There are still plenty of private channels people use to spike up social votes but this is not for everyone and can also put people off sharing your content just to keep your as a friend in the industry…
Also remove these damn NoFollow tags ;)
Thing is always the same to me: there is too much information out there, and sometimes you realize you are distracted by things that are not even worth it.
Google+ is full of good stuff, but it’s full of stuff. Twitter, the same. You share something , but if I look at twitter after 1h I have already 200 tweets (mostly about crap) and I miss it. Too much information, too many people you think you have to follow otherwise you out. We struggle to have more tweets, or fb shares, or +1s, but is it really important?
“thanks for the share, but have you read it?”. and I know for sure many people share things they don’t even read.
Too much information, but the time is always the same.
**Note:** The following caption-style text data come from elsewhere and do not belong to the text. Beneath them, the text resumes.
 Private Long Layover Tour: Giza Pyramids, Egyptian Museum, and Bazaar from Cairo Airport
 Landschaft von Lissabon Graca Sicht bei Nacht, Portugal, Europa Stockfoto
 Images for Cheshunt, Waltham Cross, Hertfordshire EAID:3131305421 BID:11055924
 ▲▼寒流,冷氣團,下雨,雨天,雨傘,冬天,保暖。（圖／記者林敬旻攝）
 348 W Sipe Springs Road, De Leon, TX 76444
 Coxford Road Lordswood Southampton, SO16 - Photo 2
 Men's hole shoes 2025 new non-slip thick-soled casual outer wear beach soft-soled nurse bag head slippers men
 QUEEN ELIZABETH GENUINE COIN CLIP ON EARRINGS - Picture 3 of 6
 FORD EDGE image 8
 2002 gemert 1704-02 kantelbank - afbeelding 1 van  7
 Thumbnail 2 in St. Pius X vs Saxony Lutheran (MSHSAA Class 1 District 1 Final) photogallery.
That’s why I’m polishing my RSS feed to focus on following blogs that a) I love to read; b) when I read them, I say: wow, this is so damn good and not only the same old thing, this is something innovative!
In my personal opinion twitter for many people is a platform where people share stuff and this is the reason why tweets with links got more attention than tweets without link… where are Google+ is more interesting for people who are either love writing mini blogs or talk instead of share… so if there is a good pots available they will more likely thumb it up and comment but sharing a link on Google+ sounds like a WORK to many…
This is something that i have noticed!